Investors maintains the special warranty clause in the Deed automatically provides protection against prior encumbrances created by Crescent.  To hold otherwise allegedly would render it a quitclaim deed.  A special warranty binds the grantor and the grantor’s heirs.  See Knotts v. Joiner, 217 S.C. 99, 102, 59 S.E.2d 850, 851 (1950).  However, “[t]he grantor can, and often does, limit [covenants] so as to exclude existing encumbrances.”  G.W. Thompson, Thompson on Real Property § 82.10(c)(3) (Supp. 2005); see § 27-7-20; see also Steele v. McRaney, 855 So. 2d 1114, 1122-23 (Ala. Civ. App. 2003) (finding language grantee would take “subject to” matters a survey or inspection of the property would have uncovered prevented grantee from prevailing in breach of deed covenant claim); Kamenar R.R. Salvage, Inc. v. Ohio Edison Co., 607 N.E.2d 1108, 1113 (Ohio Ct. App. 1992) (finding when a deed provides grantee would take subject to “the state of facts which a personal inspection or accurate survey would disclose,” grantee has no claim against grantor for power line easement).

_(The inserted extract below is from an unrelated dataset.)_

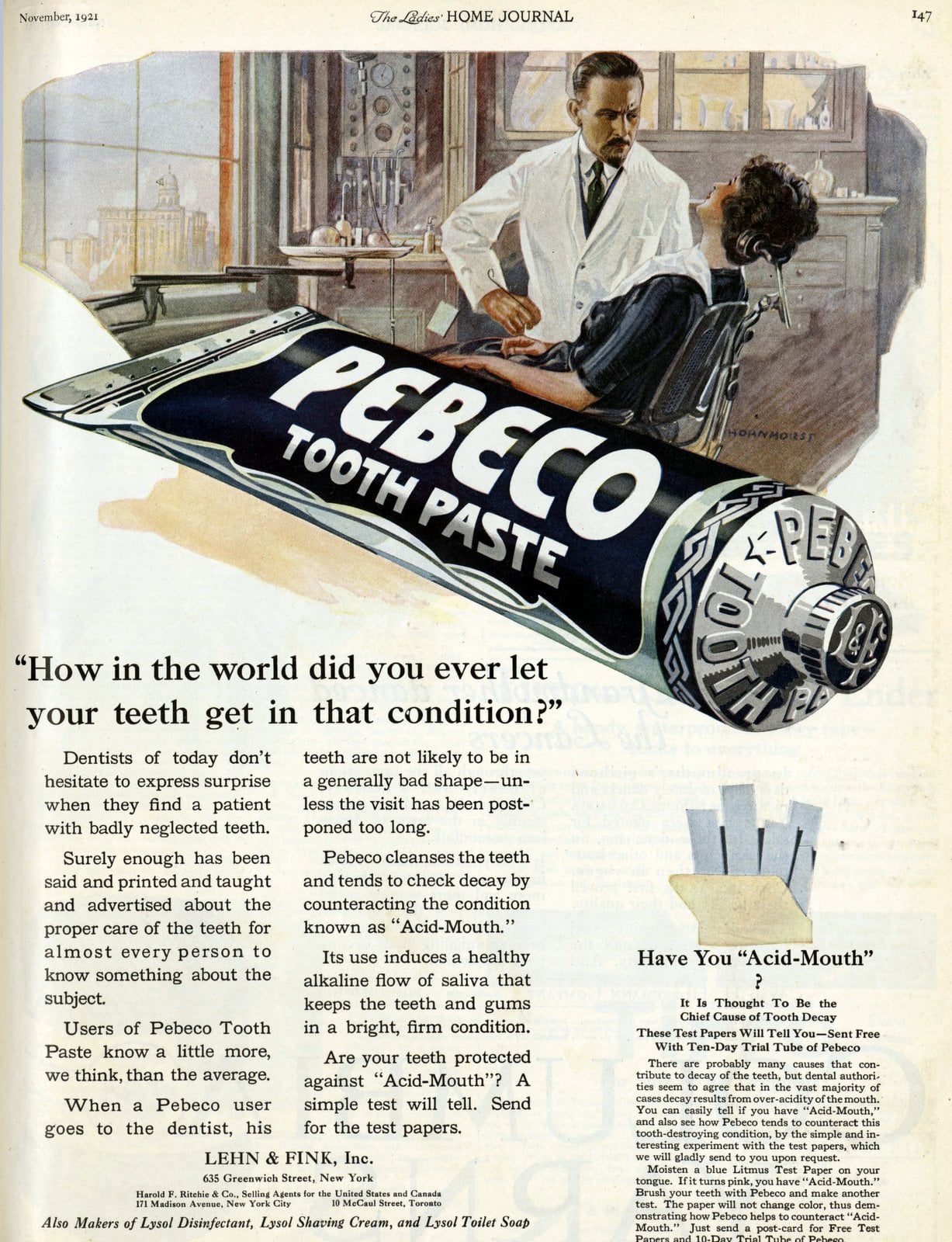 Old Pebeco Tooth Paste with dentist (1921) via ClickAmericana com
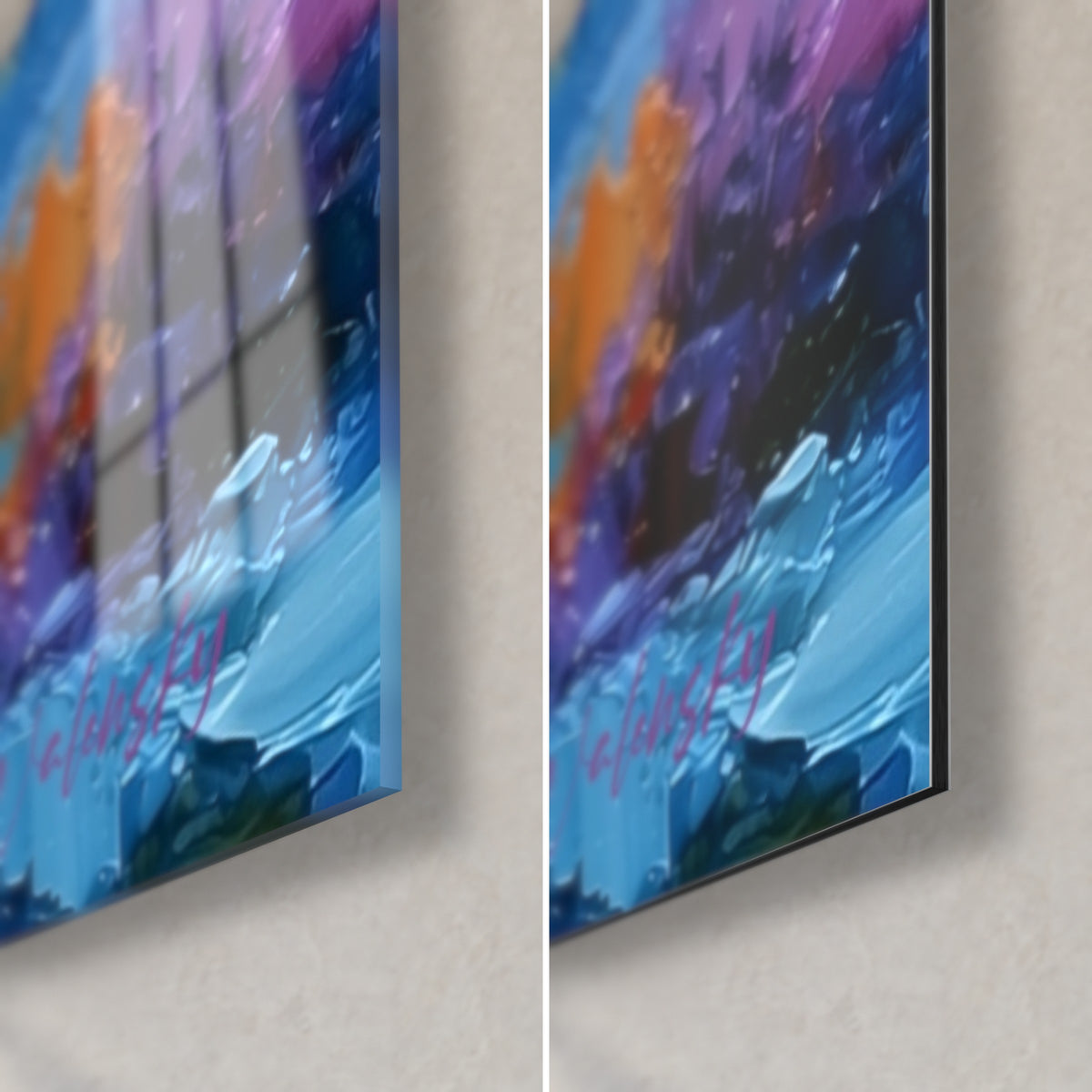 Gemälde blauer Himmelskörper in Spachteltechnik, untere rechte Ecke: glänzendes Acrylglas links, mattes Dibond rechts, 3 mm Kante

Here, exceptions (5) and (6) in the habendum clause of the Deed limit Crescent’s special warranty to Bristol.  Specifically, the exceptions put Bristol and subsequent purchasers on notice Crescent was not covenanting the Plat, matters which would be uncovered by a current and accurate survey, or public rights-of-way. In this respect, Crescent did not covenant the Property would be free from all encumbrances.  Instead, in keeping with section 27-7-20, Crescent limited its covenant to encumbrances not excepted through the habendum clause.  The circuit court did not err in finding exceptions (5) and (6) of the habendum clause limited Crescent’s special warranty.

CONCLUSION

We hold Crescent did not represent or covenant the width of SCDOT’s right-of-way by incorporating the Plat.  Moreover, the habendum clause in the Deed is not repugnant to or inconsistent with the grant.  Concomitantly, the habendum is not void, and the Deed is not ambiguous.  The circuit court correctly held exceptions (5) and (6) of the habendum limited Crescent’s special warranty.  Accordingly, the circuit court’s order is

AFFIRMED.

KITTREDGE, J. and SHORT, J., concur.


[1] Crescent Resources, LLC conveyed the Property to Bristol.  The Deed indicates Crescent Resources, LLC is “a successor by merger and conversion to Crescent Resources, Inc., whose name was changed from Crescent Land and Timber Corp.”  Crescent Land and Timber Corp. granted the easement to SCDOT.  

[2] This motion is not included in the record.